Where the elderberries grow

Every year at about the time of our anniversary, Josh and I scope out where the delicate lacey blooms of the elderberry tree are plentiful.  They often grow along the road or beside vacant houses.  You’ll basically find them anywhere a bird might find a snack and poop out some elderberry seeds.
You have to be careful that you can recognize elderberries, as some of their cousins, such as dogwood or virginia creeper, get berries that could look the same to the untrained eye, and are poisonous.

Elderflowers bloom in Michigan around the third week of June.

Elderberries on the bush. They grow in clusters a little larger than a cup saucer.

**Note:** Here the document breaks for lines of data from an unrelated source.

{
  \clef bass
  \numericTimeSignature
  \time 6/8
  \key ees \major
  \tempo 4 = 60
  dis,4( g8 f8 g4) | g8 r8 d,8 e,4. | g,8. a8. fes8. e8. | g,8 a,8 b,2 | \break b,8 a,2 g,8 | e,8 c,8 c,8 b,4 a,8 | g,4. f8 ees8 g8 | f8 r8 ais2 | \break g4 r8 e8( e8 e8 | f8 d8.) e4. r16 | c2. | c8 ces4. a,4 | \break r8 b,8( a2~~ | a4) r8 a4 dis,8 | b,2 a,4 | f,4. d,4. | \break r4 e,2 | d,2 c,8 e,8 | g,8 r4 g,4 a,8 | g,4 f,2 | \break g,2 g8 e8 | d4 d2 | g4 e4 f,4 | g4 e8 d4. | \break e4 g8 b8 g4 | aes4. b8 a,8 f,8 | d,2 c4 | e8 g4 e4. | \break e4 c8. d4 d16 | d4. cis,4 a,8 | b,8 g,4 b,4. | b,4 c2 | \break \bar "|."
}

Alternately, you can buy dried elderberries from most herb or health food sites. If you’re not sure what is or isn’t an elderberry, definitely go this route.

Benefits of Elderberry Syrup

You might not be sure why you should about elderberries.  These dark purple little berries have been used for centuries to protect from colds and the flu. Modern science is now proving what folk lore touted, too! Science has proven that elderberries have anti-viral properties, and that their high anti-oxidant and polyphenol content help boost the immune system.  One study showed that patients taking elderberry syrup had flu symptoms shortened by 4 days compared to the placebo group.  Another Australian study showed that travelers who took elderberry syrup before travelling were less likely to catch a cold on the flight, and if they did, it was less severe and shorter duration than those who didn’t take elderberry syrup. Elderberry syrup may be an easy way to decrease the odds of someone coming down with a cold on your winter vacation to Disney World.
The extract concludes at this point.